12.31.2009

2010



Happy 1968 2010.

12.16.2009

facial




Stolen from the fabulous Angelo Plessas's Angelo Says, "Architecture and Portraiture" (Augustin Hérnandez, Heróico Colegio Militar, Mexico City, 1975).

12.14.2009

mexican modern archicheese




You have to be Mexican or at least hablar español to get a sense of the full-cheese wonder in this, but just the soundtrack might give you an idea. It's shocking to see how ghetto Mexican Modernity looked back in 1994. I wonder if these were shot before the crash.

12.03.2009

zoom


Zona Pronaf, Ciudad Juárez, Chihuahua.


On my screen there is a ribbon of green parcels in the middle of the desert. The ribbon is cut through by a gray blob. I do a zoom-in, and distinguish the Rio Bravo/Grande, a couple of hills, dry land and the gray blob that is Ciudad Juárez. The river is in fact a fortified concrete canal. To the north, El Chamizal looks like an impacted wisdom tooth trying to grow out of the city. The park is dry. There is an abstract rounded monument sitting empty, baking under the sun (in the satellite view, the canal/river/border is also and abstract rounded monument of sorts). Ant-cars avoid the Chamizal like it was a big puddle of oil, bound for the South or the East. I follow them with my cursor. The Avenida Américas unwinds in bows and roundabouts. Empty lots, bus stops, parking spots. A 13ft-tall Abraham Lincoln stands alone in his tiny square. In the map, El Paso and Juárez are brought together by Francisco (Pancho) Villa and divided by Cuatro Siglos (Four Centuries). Further down, Pancho Villa becomes Juan Gabriel. (Here they’ve found a bunch of women’s bodies. The eje must be packed with pink crosses in real life.) On the other side of town, Av. Industrias becomes Jaime Bermúdez, in the middle you have Av. Panamericana, Lincoln and other more generic names:16 de Septiembre, Lic. Adolfo López Mateos… Back to the satellite view. Zoom-in. Eje Juan Gabriel is covered with white patches. So is Av. Bermúdez. The maquilas and warehouses. A little further down and to the right, the only real green patch in all of the city: the golf club where Don Jaime and his kids probably live.
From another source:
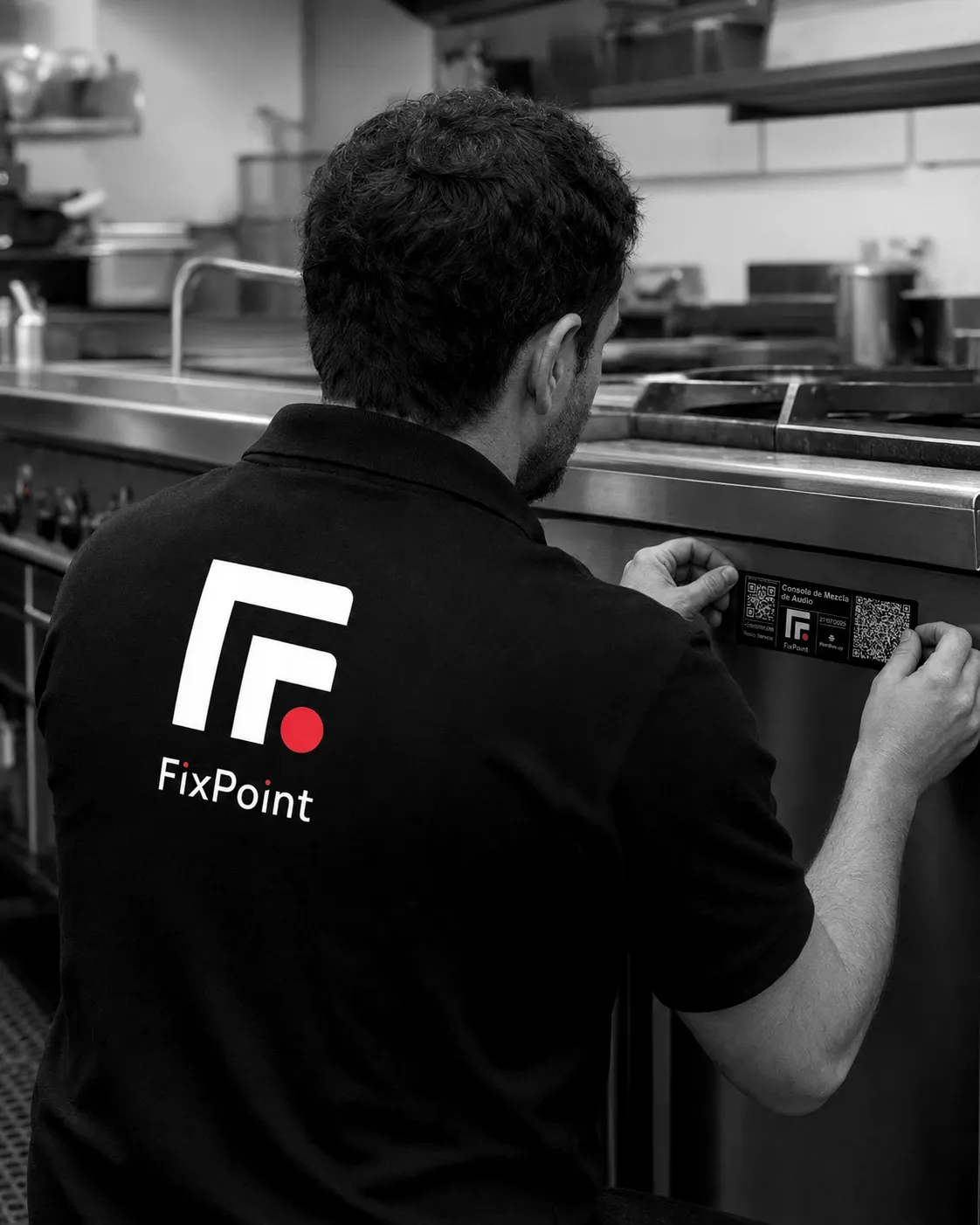 Técnico de FixPoint colocando la etiqueta de registro con código QR sobre un equipo de cocina
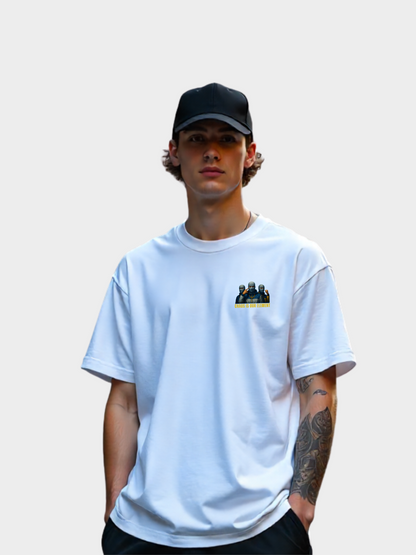 Vyfinity Storm Crew T-Shirt in Weiß, Modelshot Frontansicht. Kleiner Brustprint mit drei maskierten Figuren, darüber „STORM CREW“ und darunter „CHAOS IS OUR ELEMENT“. Lockerer Oversized Fit, moderner Streetwear Style.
Zoom. A subdivision dotted with McMansions and swimming pools. Click to the left. I wonder where the Pueblo Amigo is. I can’t tell if there’s a shopping center that "resembles a traditional Mexican pueblo” or not. Another thing I don’t see are the “nuclear cemeteries”, or toxic waste dumps. I discover the Museum of Art and History, a fossil on the corner of the Plaza de las Américas’s parking lot, like some cheap, minor ornamental landscape feature. Under that gigantic white tank of a mall probably lie the remains of the Pronaf.